== Requirement ==
Starting at the line with "Poulsbo Resort |", return every line through the final one of the data, word for word. Pictures stay out.

== Extracted records ==
■ ■ ■

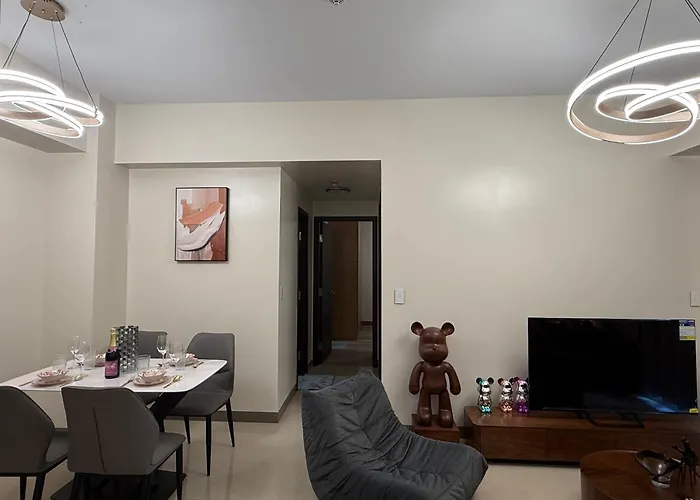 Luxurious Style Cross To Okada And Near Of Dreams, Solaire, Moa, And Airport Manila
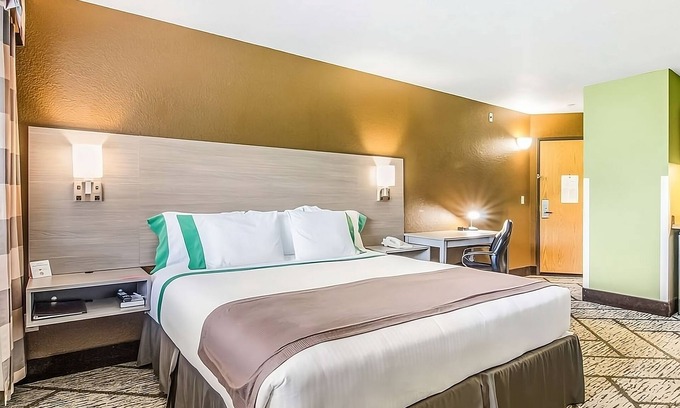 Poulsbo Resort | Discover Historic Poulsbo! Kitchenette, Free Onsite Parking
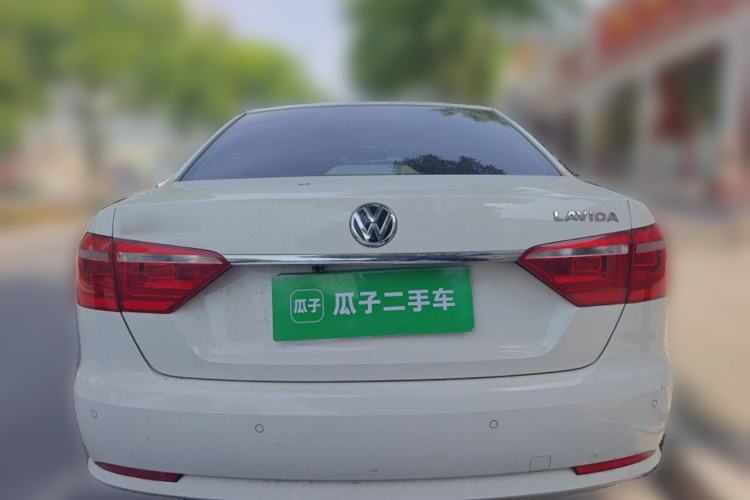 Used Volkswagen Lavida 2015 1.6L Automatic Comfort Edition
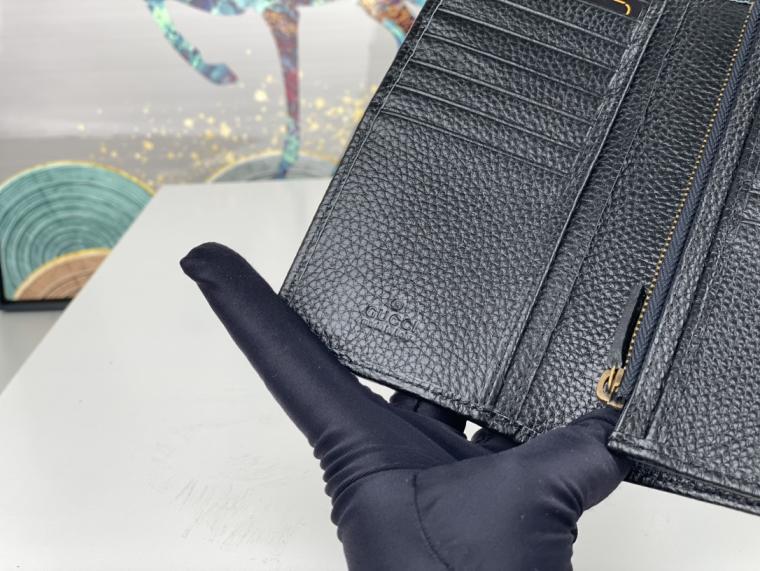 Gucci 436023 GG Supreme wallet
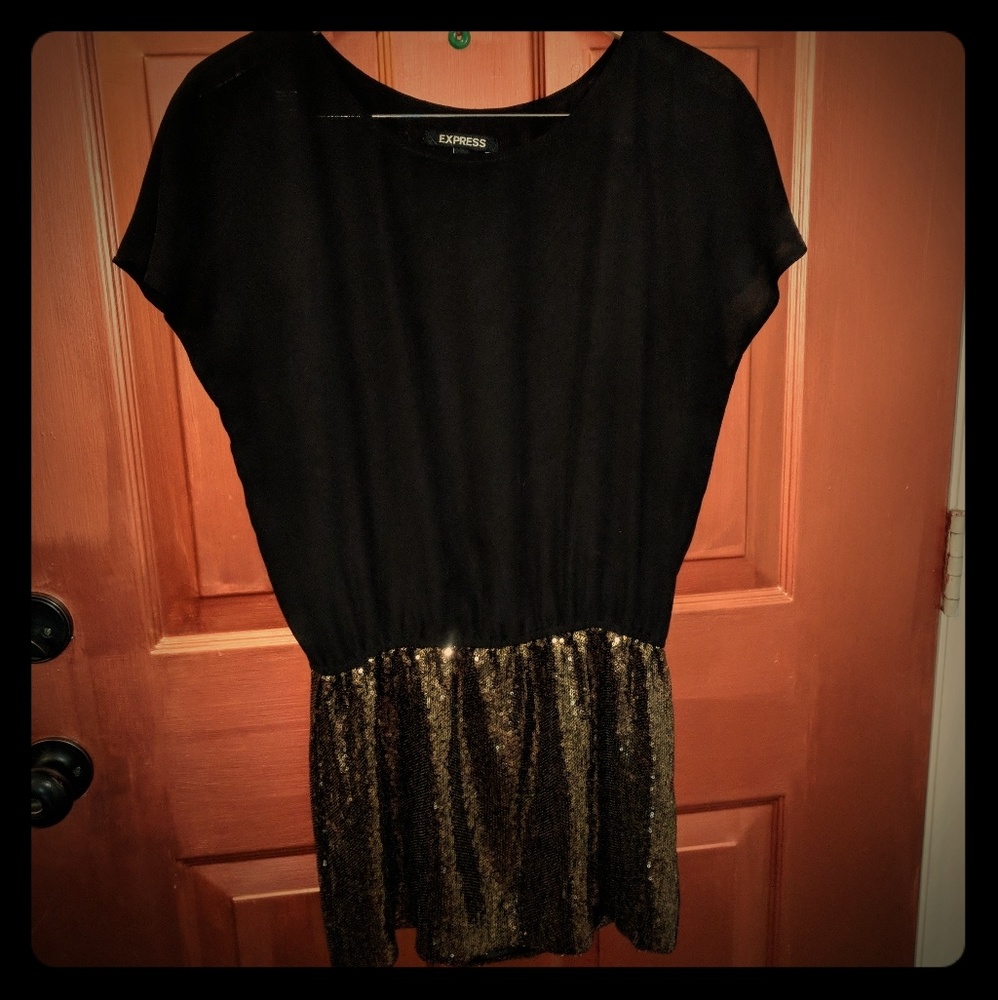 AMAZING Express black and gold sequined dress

■ ■ ■

== Response for this exercise ==
 Poulsbo Resort | Discover Historic Poulsbo! Kitchenette, Free Onsite Parking
 Used Volkswagen Lavida 2015 1.6L Automatic Comfort Edition
 Gucci 436023 GG Supreme wallet
 AMAZING Express black and gold sequined dress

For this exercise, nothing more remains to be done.